Home was always there but,
it would have been nice,
to know where the door was
one day to the next. Which side
of the house was set
to let me in. I was as stubborn
as any other child in what
I expected. Plaster and lath
was levered away and words
could wander from the rooms
they belonged to. The paths
of water pipes were made
plain between crooked
wood ribs. Drywall stacked
like a blank tarot deck waited
for months while jackhammers
cracked the slab. The kitchen
calendar Mom got at church
Christmas Eve rattled
on a nail bent by the weight
of all those crossed out days.
Wherever fire should have been
was often cold. The furnace,
the hearth. Plaster dust folded
into our daily bread. We ate it for years.

Prompt

Start with an abandoned poem or draft that centers on some aspect of your childhood – the older the better. Look for more recent experiences that echo what you have written and use details from them to flesh out and add layers/dimensions to the what is in your memory.

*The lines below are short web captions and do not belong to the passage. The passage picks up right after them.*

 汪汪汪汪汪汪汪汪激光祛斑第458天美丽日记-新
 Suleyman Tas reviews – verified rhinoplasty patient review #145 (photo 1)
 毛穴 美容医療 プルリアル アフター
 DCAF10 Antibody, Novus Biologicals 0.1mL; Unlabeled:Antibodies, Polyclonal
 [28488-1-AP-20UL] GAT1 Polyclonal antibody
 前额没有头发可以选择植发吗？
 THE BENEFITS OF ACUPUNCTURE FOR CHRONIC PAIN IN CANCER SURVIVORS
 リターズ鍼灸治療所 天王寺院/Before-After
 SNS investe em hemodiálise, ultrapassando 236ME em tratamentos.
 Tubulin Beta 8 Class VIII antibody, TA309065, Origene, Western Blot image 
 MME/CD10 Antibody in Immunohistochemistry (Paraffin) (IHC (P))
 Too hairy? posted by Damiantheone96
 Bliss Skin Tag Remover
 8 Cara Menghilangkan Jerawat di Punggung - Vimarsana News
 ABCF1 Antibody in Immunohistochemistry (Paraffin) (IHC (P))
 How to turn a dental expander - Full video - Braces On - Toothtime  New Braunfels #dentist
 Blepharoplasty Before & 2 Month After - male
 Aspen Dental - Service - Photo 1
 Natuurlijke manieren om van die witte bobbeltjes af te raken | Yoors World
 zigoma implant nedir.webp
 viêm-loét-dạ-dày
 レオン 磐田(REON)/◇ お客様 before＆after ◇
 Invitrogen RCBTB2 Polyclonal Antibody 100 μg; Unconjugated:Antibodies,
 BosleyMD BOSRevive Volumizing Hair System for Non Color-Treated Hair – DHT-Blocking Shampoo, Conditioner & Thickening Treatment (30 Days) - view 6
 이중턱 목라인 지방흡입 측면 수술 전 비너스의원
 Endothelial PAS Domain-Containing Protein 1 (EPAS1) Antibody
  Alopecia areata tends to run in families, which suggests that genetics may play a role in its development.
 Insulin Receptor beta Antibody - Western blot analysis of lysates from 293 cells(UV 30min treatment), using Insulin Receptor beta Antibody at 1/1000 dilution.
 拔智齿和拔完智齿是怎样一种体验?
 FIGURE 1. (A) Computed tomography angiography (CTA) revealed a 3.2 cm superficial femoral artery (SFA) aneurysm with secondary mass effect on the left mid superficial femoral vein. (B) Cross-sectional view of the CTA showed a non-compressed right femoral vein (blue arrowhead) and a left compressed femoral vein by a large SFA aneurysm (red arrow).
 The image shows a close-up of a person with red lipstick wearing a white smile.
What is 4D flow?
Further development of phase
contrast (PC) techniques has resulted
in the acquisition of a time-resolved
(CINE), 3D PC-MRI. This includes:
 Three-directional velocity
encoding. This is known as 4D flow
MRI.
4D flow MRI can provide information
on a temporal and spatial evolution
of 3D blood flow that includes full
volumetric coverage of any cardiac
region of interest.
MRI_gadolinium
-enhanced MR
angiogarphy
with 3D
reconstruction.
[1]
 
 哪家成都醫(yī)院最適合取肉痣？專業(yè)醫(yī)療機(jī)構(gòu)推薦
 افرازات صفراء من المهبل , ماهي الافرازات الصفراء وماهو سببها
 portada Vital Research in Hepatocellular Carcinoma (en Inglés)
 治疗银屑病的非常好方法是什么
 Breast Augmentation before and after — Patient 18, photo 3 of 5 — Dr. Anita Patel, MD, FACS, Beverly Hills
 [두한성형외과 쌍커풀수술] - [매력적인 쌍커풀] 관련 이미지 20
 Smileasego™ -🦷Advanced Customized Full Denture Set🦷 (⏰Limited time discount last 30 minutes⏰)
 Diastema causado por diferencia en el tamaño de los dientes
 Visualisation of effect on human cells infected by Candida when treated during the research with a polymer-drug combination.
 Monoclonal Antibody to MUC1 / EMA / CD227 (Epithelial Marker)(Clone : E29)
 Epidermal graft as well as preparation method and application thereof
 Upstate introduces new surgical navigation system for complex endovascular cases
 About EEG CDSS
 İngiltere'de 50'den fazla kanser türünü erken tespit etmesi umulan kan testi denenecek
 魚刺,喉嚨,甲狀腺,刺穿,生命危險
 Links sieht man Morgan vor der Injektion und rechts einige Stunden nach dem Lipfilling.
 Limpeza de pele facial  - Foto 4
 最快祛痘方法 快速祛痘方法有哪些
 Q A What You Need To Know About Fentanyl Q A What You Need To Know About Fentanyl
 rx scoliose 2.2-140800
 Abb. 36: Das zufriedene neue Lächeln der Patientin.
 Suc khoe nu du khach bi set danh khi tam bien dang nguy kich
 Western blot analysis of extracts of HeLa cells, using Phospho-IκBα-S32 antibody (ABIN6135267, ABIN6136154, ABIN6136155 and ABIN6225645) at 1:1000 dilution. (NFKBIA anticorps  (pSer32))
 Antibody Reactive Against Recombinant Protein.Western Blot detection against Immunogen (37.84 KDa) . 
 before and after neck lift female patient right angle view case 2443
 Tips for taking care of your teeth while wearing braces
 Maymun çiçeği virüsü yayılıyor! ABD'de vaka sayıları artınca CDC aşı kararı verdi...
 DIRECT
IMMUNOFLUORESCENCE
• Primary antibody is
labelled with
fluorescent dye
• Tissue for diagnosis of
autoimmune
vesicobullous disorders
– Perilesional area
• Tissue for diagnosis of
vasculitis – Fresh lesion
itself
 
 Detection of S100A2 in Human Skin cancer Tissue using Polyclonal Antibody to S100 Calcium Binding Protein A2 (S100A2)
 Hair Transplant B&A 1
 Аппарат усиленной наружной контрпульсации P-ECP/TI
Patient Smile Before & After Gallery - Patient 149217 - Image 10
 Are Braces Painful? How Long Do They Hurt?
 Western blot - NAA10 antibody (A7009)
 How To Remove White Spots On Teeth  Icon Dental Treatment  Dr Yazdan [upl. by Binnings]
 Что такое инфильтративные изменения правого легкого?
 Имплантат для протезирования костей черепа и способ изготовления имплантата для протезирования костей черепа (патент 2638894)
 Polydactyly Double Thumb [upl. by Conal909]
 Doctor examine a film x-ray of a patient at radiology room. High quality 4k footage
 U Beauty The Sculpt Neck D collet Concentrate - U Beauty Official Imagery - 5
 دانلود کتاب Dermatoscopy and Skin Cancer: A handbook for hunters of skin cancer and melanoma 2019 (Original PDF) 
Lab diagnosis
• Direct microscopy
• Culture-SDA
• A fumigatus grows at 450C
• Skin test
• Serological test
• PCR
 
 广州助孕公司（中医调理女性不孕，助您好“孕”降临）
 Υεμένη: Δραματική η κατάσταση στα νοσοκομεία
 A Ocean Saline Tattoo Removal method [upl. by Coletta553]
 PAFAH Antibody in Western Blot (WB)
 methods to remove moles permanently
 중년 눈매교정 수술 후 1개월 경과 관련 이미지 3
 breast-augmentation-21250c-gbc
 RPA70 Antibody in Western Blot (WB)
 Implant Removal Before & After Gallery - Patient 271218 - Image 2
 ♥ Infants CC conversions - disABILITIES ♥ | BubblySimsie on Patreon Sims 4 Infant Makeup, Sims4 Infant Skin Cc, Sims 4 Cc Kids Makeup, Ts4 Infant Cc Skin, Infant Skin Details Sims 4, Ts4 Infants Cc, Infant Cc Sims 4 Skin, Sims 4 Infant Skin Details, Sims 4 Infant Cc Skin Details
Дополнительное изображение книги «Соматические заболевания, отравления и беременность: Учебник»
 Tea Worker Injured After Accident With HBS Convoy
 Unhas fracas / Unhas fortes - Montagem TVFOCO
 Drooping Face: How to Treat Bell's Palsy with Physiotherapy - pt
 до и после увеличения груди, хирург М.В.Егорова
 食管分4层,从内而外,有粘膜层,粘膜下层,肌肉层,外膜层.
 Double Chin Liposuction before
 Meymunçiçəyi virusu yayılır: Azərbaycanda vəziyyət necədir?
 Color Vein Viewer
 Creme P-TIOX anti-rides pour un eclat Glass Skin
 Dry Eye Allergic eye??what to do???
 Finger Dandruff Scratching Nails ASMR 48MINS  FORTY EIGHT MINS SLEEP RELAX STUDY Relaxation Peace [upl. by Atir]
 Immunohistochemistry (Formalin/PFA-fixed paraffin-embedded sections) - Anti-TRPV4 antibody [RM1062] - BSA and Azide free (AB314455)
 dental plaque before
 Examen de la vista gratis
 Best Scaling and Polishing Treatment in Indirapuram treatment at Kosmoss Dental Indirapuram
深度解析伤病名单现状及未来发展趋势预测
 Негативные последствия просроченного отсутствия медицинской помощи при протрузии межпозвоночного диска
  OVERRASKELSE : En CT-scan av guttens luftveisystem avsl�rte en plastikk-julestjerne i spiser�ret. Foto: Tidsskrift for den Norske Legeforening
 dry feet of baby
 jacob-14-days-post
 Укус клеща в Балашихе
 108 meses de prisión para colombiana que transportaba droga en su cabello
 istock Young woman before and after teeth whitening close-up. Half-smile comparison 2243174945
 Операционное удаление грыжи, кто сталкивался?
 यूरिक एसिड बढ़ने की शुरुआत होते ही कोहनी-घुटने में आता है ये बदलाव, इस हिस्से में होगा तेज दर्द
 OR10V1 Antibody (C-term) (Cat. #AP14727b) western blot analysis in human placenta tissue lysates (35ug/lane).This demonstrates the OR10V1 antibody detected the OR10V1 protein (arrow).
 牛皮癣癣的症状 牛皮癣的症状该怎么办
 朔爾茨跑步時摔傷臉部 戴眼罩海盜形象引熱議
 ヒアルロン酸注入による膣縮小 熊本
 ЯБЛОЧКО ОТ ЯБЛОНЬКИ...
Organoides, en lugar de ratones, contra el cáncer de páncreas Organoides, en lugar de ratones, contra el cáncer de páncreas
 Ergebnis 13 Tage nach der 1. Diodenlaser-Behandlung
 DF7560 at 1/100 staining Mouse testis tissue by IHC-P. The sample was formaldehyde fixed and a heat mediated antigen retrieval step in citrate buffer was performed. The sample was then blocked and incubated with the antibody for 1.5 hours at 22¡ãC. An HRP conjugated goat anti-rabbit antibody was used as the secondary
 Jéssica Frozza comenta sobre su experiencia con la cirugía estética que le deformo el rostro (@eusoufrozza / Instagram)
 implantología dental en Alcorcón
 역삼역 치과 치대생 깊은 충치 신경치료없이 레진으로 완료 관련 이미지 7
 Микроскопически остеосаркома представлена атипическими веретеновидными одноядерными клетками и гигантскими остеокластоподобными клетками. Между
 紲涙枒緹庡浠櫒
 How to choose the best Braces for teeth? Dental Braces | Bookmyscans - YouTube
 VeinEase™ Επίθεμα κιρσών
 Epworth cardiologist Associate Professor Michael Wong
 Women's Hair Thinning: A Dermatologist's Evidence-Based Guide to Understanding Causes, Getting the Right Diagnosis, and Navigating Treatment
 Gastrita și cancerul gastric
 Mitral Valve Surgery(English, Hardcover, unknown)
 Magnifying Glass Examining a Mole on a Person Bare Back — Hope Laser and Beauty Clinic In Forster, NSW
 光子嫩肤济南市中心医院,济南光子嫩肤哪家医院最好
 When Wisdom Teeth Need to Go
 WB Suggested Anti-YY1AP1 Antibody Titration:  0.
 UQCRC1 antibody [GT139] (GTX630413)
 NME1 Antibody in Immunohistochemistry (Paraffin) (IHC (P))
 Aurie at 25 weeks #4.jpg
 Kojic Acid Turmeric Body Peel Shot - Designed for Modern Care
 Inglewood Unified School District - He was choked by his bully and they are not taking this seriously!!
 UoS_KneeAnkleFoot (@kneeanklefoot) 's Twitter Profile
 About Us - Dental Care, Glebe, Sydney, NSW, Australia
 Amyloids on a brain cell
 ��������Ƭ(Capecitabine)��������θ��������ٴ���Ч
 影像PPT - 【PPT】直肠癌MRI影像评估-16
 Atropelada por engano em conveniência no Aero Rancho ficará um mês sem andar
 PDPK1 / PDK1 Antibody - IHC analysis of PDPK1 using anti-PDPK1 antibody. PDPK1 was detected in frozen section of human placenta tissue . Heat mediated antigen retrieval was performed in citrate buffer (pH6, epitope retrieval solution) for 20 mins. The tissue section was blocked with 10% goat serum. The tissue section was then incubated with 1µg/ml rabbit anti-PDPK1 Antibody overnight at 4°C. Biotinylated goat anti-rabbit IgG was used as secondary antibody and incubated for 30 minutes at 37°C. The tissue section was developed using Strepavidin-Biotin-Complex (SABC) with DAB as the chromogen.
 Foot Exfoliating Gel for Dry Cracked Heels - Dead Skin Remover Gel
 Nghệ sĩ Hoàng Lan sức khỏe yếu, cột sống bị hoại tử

Lee Potts is the founder and editor-in-chief of Stone Circle Review. A Pushcart Prize and Best of the Net nominee, his work has appeared in The Night Heron Barks, Rust + Moth, Whale Road Review, UCity Review, Firmament, and elsewhere. Lee is the author of We’ll Miss the Stars in the Morning (Bottlecap Press, 2024) and And Drought Will Follow (Frosted Fire, 2021).

Postmodern Breugel’s Icarus Poem

if his intent
was to confine
the moral
to the edge, to
the puny feet
by which the boy’s
muted entry into
the water is made
known, then, yes:
the eye is masterfully
misdirected to the plot
of land, the farmer’s bright
red sleeve, the slope
beneath
him, his plow;
but the painter’s hand,
whether he intended
so or not,
returned
repeatedly to the pot
of blue, applied
a wash
of brine
to everything:
every eye,
from every height,
conceding
consanguinity with the sea

Prompt: Consider Bruegel’s painting “Landscape with the Fall of Icarus” and W.H. Auden’s response poem “Musée des Beaux Arts,” alongside William Carlos Williams’ response poem “Landscape with the Fall of Icarus.” Responses to art need not remain any more static than interpretation of the art itself–with this in mind, and using the above touchstones, write your own response to Bruegel’s landscape.


Jennifer A Sutherland is a poet, essayist, and attorney in Baltimore, and the author of the hybrid, book-length poem Bullet Points: a lyric (River River books, 2023). Her work has appeared or will appear in Hopkins Review, Best New Poets, Denver Quarterly, I-70 Review, Cagibi, Appalachian Review, and elsewhere.